— Task data —
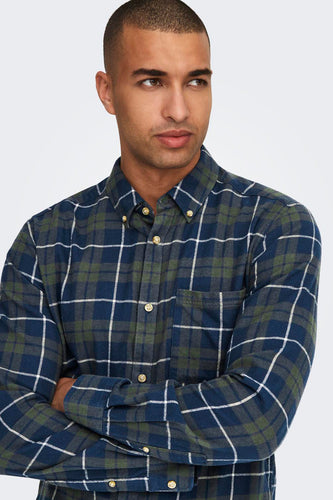 Chemise &agrave; manches longues - vert - ONLY & SONS®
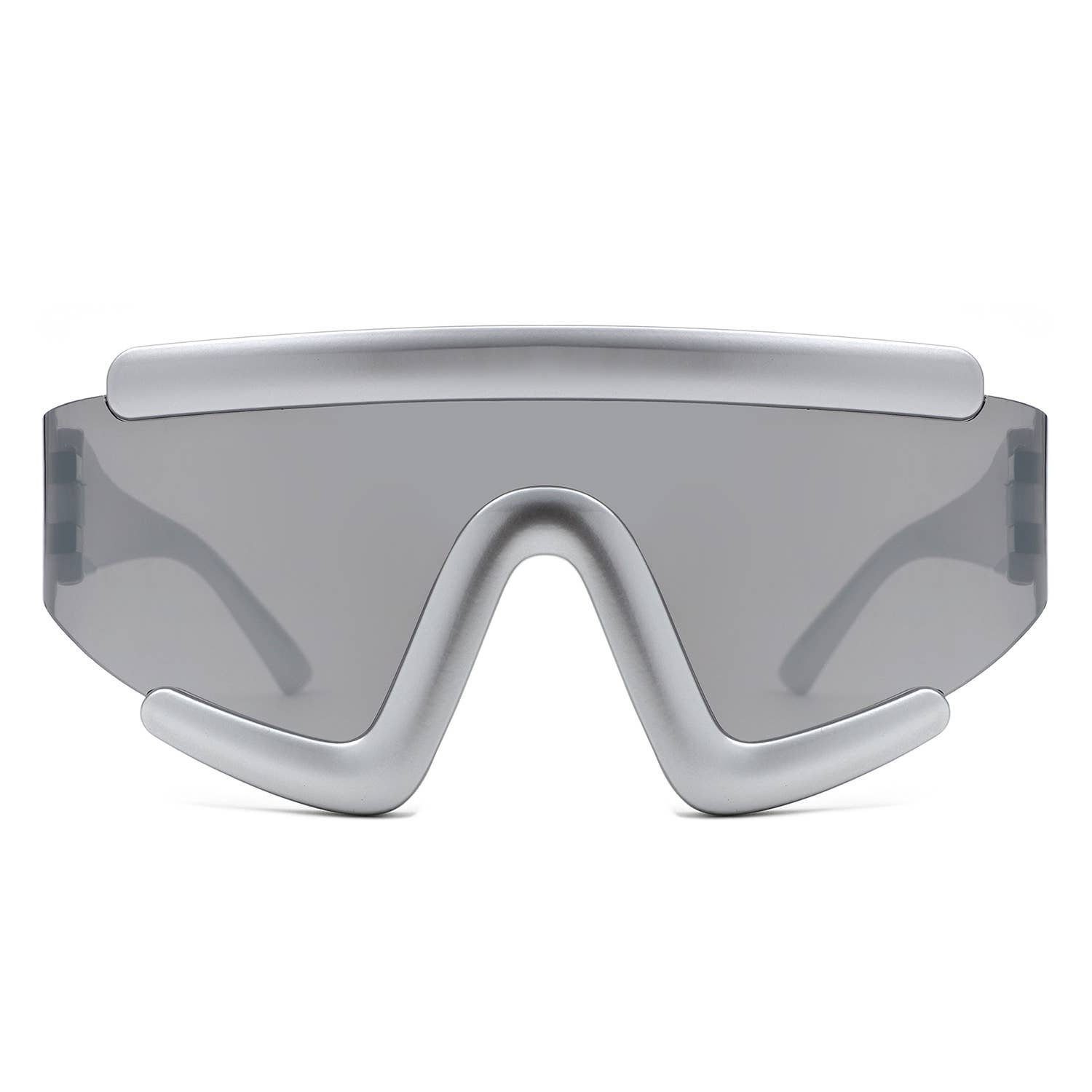 Cramilo Eyewear - Wholesale Sunglasses - Unisex - Oversize Futuristic Shield Wraparound Visor Sunglasses8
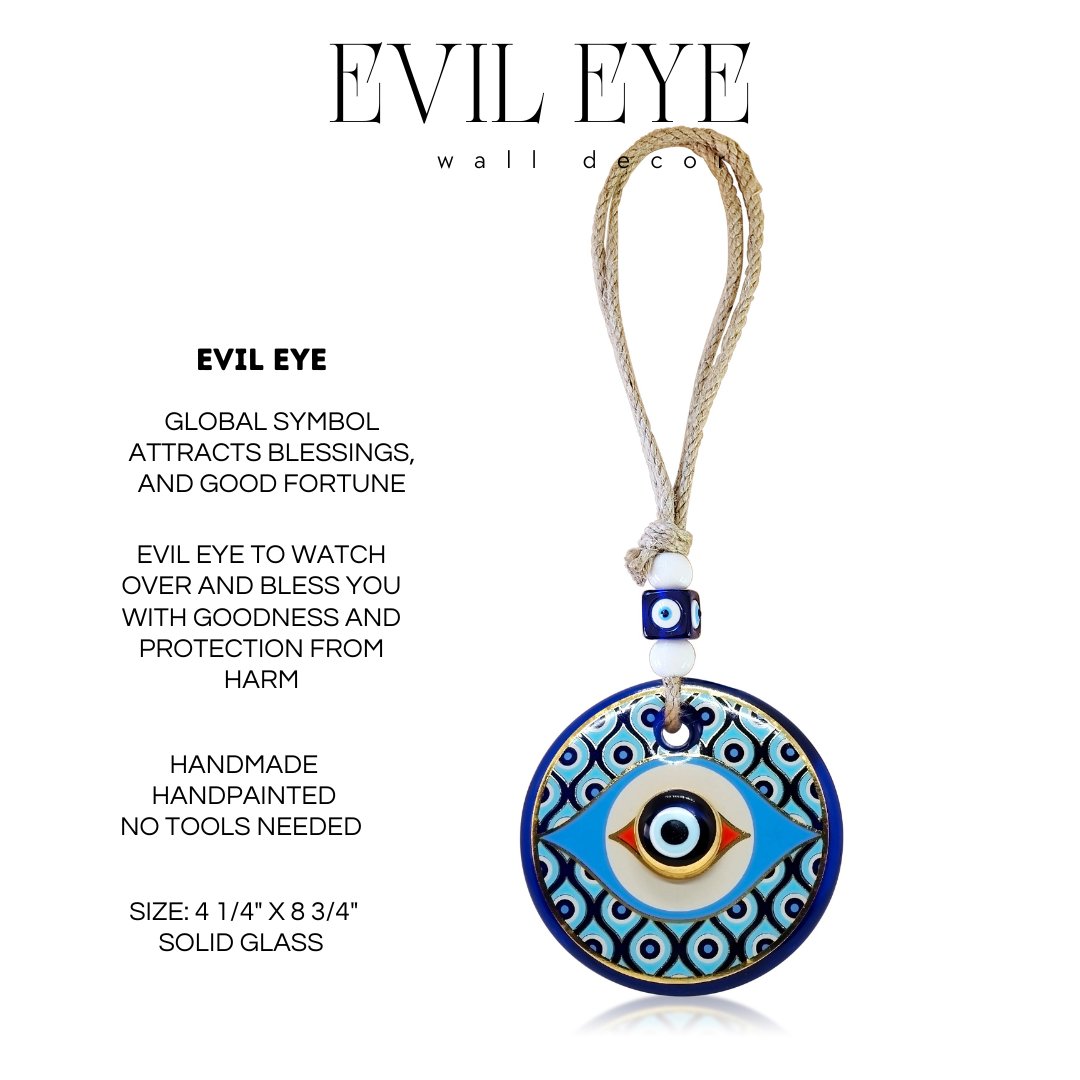 Evil Eye Home Wall Decor Hand Painted
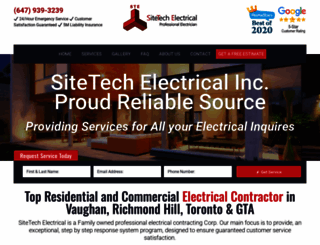 sitetechelectrical.com screenshot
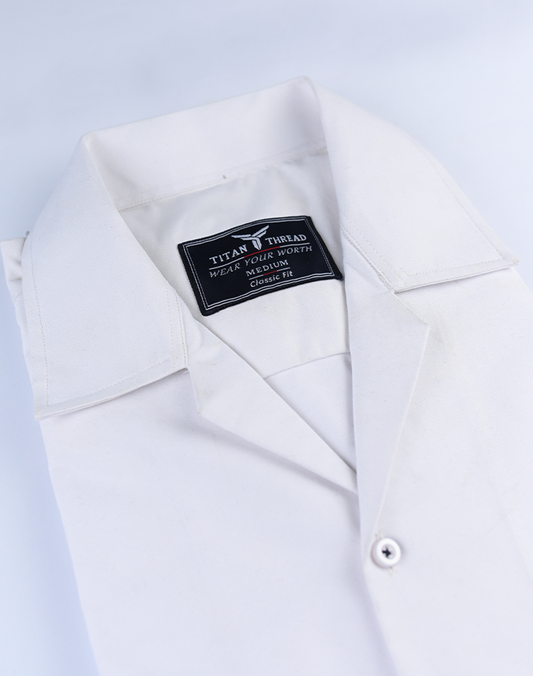 Rich white cubin shirts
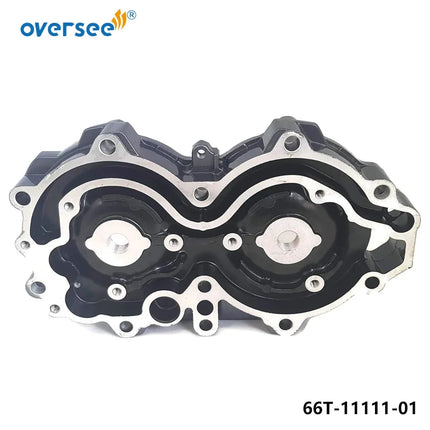 66T-11111-01-1S Cylinder Cover Head for Yamaha Parsun T 40HP 2-stroke Outboard Engine T40-05000003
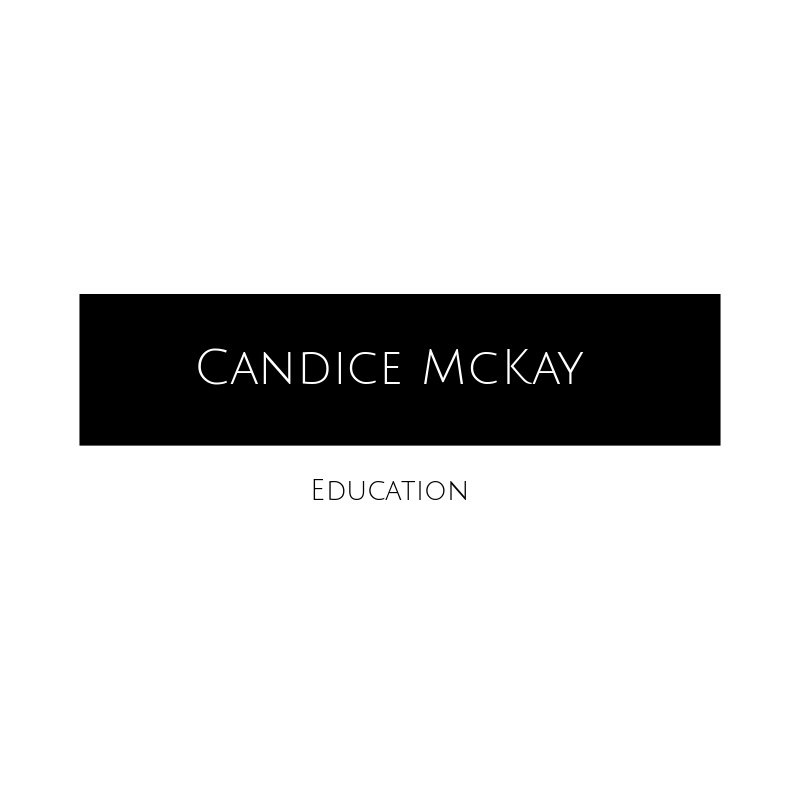 Candice Mckay Education 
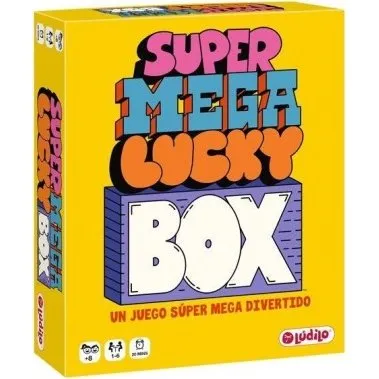 Ludilo Super Mega Lucky Box - Juego de Mesa Familiar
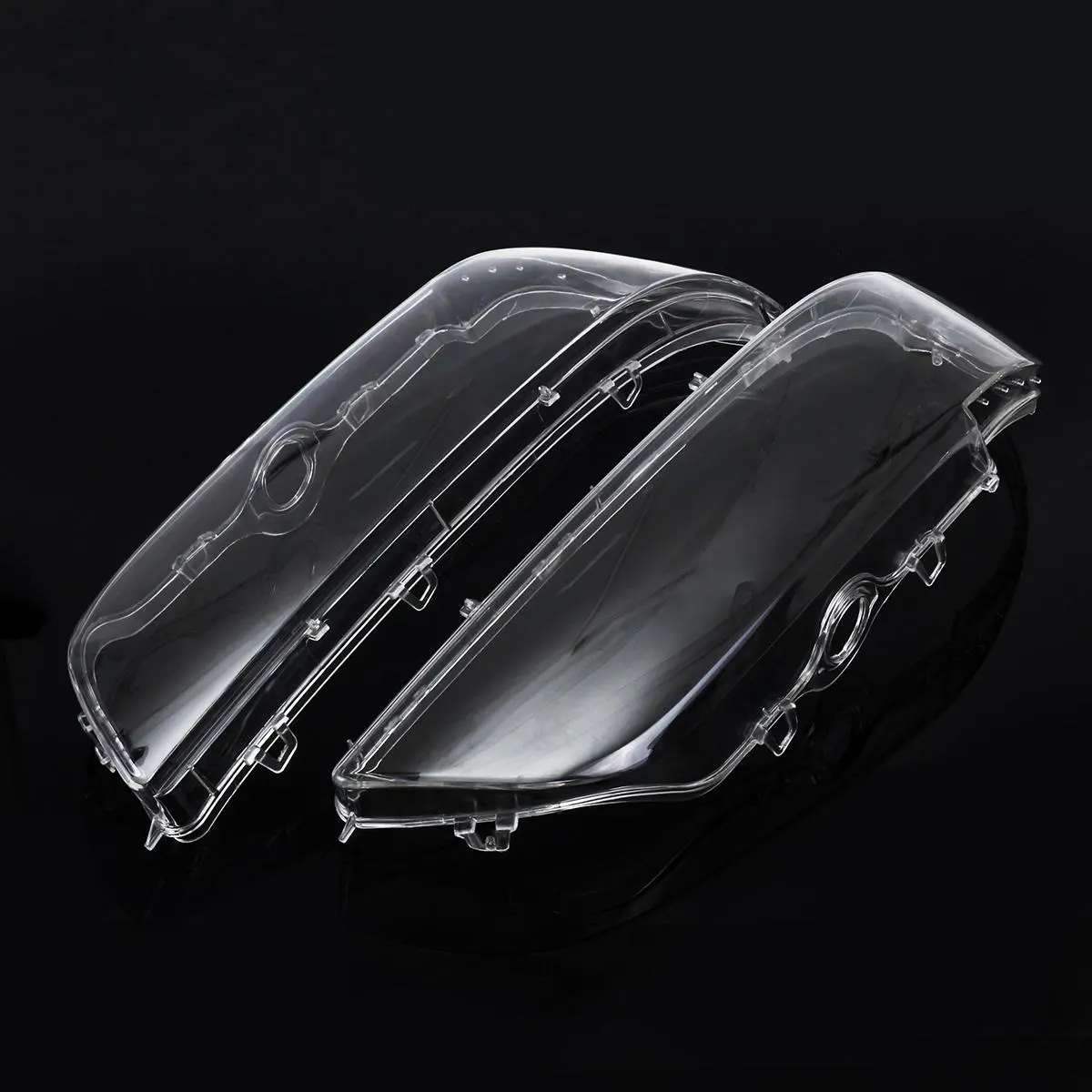 Car Clear Headlight Lens Cover ABS Pair for BMW E39 Facelift 1996-2003 631283753 — view 6
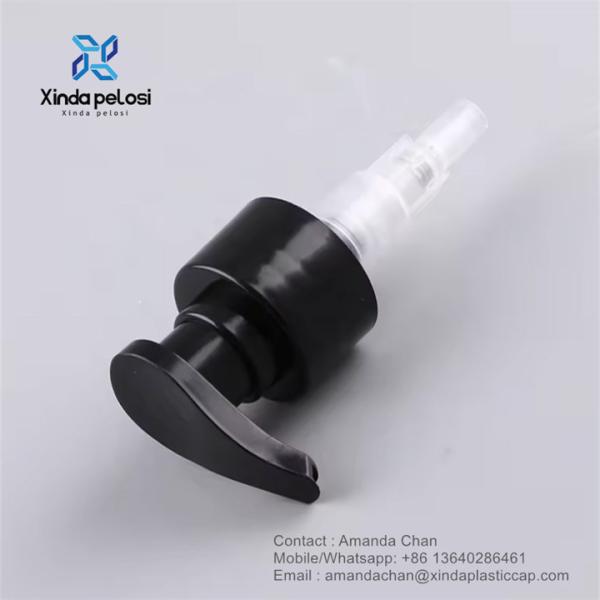 Plastic Cosmetic Black Lotion Pump For Body Wash And Shampoo Lotion Bottle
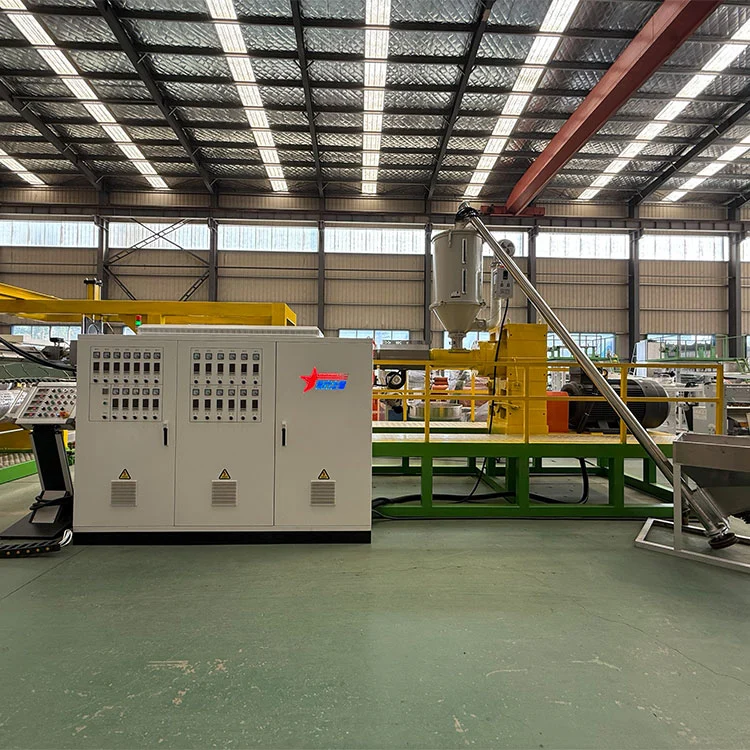 PP mestreinigingsgordel Extrudermachine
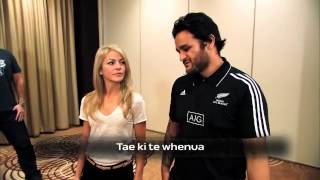 TSN SportsCentre Haka with the Maori All Blacks amp Toronto Argonauts [upl. by Rebmeced]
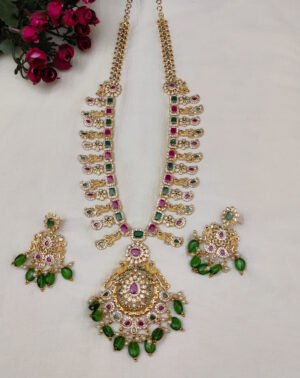 beautiful peacock haram cz stone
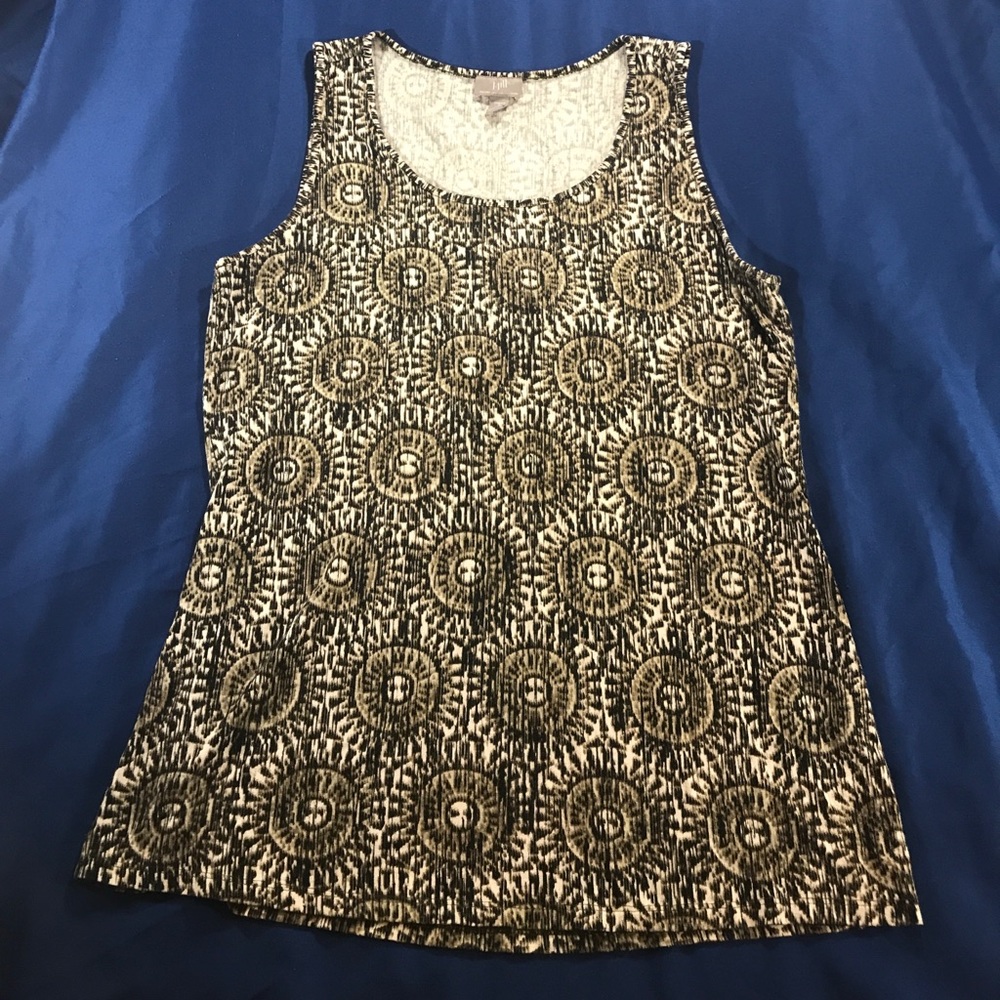 J. Jill Women's Floral Sleeveless Tank Top Sz S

— Exercise objective —
Only the lines from the start of the records to the one containing "Ludilo Super Mega" should be repeated, exactly and with both ends kept; drop any pictures.

— Result of this exercise —
 Chemise &agrave; manches longues - vert - ONLY & SONS®
 Cramilo Eyewear - Wholesale Sunglasses - Unisex - Oversize Futuristic Shield Wraparound Visor Sunglasses8
 Evil Eye Home Wall Decor Hand Painted
 sitetechelectrical.com screenshot
 Rich white cubin shirts
 66T-11111-01-1S Cylinder Cover Head for Yamaha Parsun T 40HP 2-stroke Outboard Engine T40-05000003
 Candice Mckay Education 
 Ludilo Super Mega Lucky Box - Juego de Mesa Familiar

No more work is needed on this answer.